Material for this exercise Start Marker

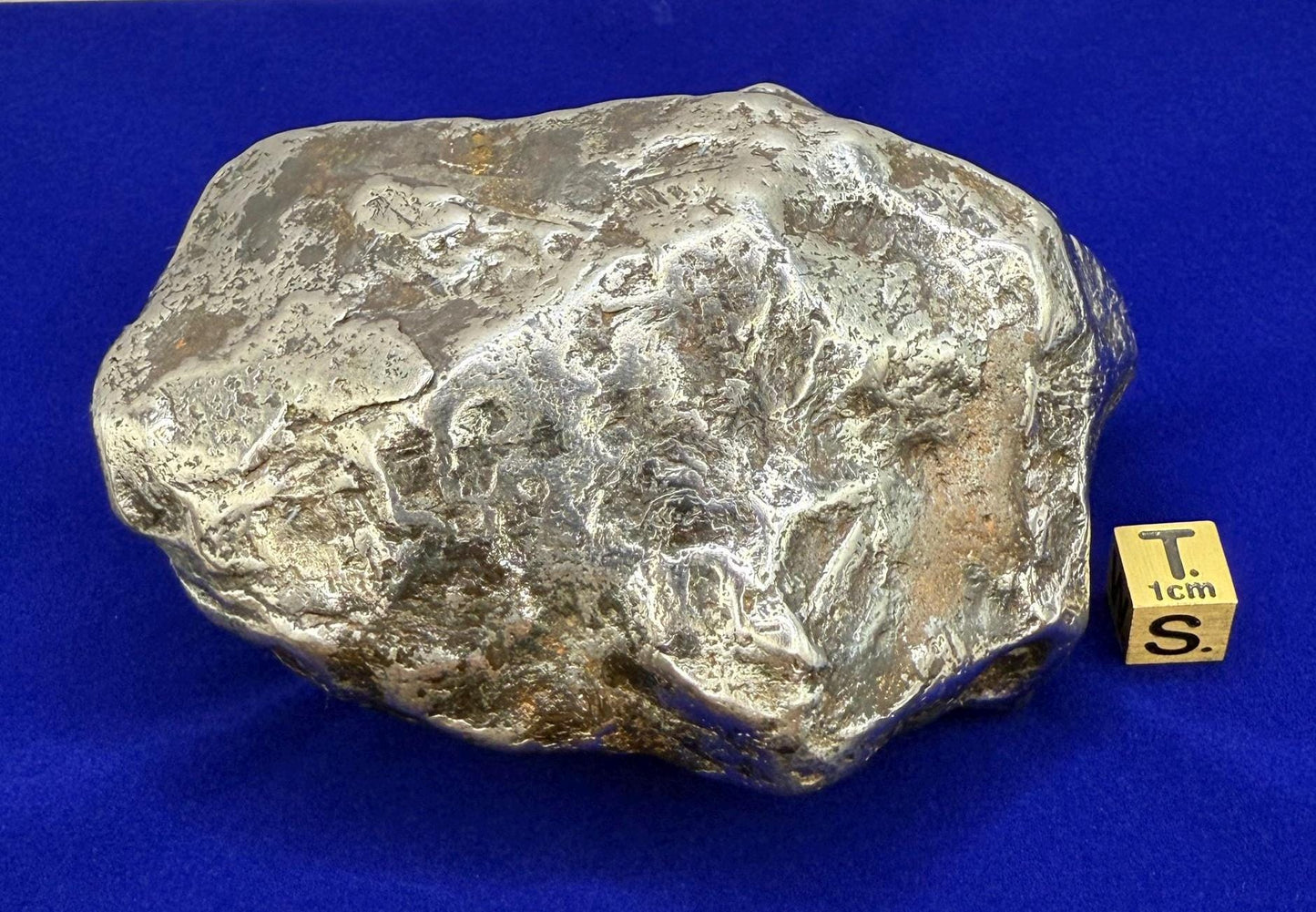 Beautiful Large Aletai Meteorite Specimen, 3 lbs 2.1oz, Meteorite Collection, Astronomy Gift, Authentic Meteorite, Space Gift, Office Decor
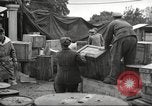 Image of Yalta Conference Crimea Ukraine, 1945, second 62 stock footage video 65675065815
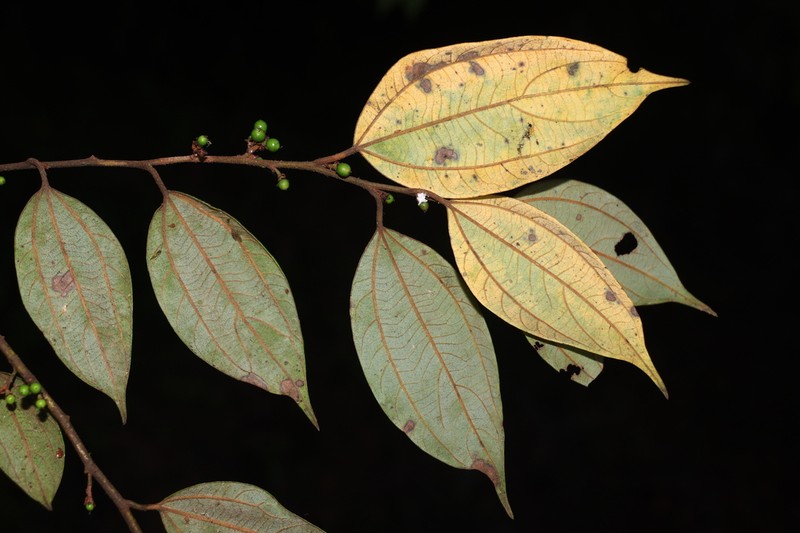 Lindera caudata
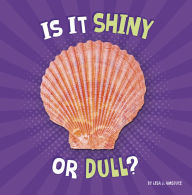 Title: Is It Shiny or Dull?, Author: Lisa J. Amstutz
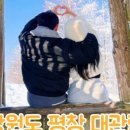 오리골목장 네이버블로그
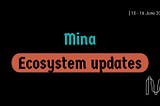 Mina Ecosystem Weekly updates / 10–16 June 2024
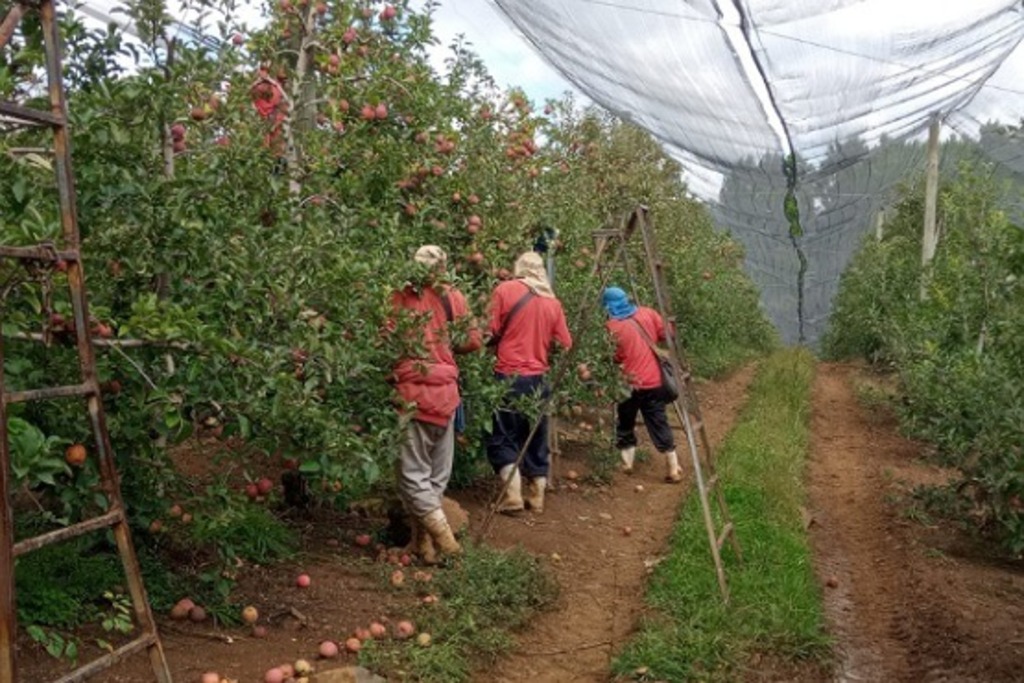  Ressocialização de apenados pelo trabalho na fruticultura na Serra se torna referência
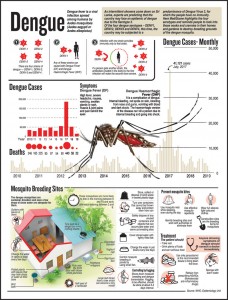 Dengue | The Sunday Times Sri Lanka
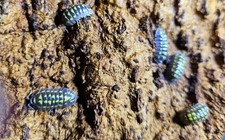 10 Armadillidium gestrois isopods - Bioactive Cleanup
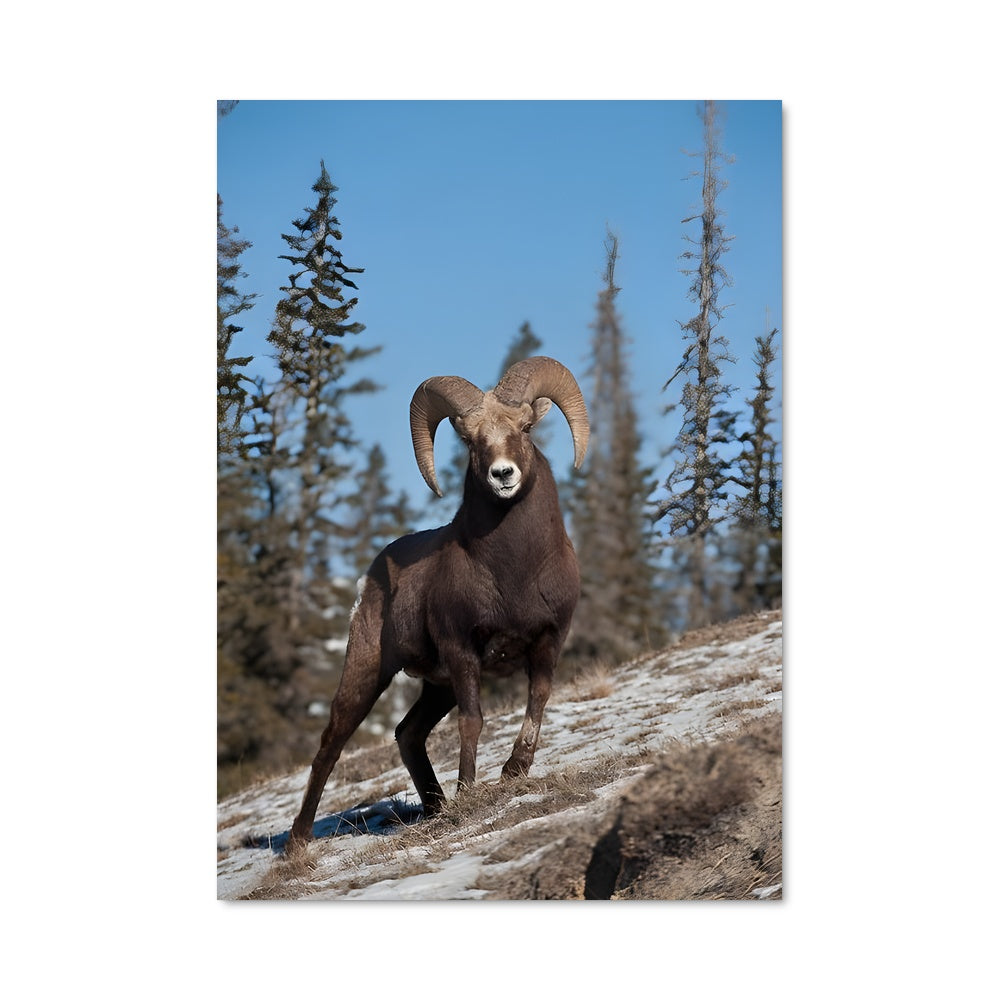 Poster La Force du Bighorn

Material for this exercise End Marker

-- Task prompt --
Write every record out again exactly; no pictures belong in the copy.

-- Reply to the exercise --
 Beautiful Large Aletai Meteorite Specimen, 3 lbs 2.1oz, Meteorite Collection, Astronomy Gift, Authentic Meteorite, Space Gift, Office Decor
 Image of Yalta Conference Crimea Ukraine, 1945, second 62 stock footage video 65675065815
 Lindera caudata
 Title: Is It Shiny or Dull?, Author: Lisa J. Amstutz
 오리골목장 네이버블로그
 Mina Ecosystem Weekly updates / 10–16 June 2024
  Ressocialização de apenados pelo trabalho na fruticultura na Serra se torna referência
 Dengue | The Sunday Times Sri Lanka
 10 Armadillidium gestrois isopods - Bioactive Cleanup
 Poster La Force du Bighorn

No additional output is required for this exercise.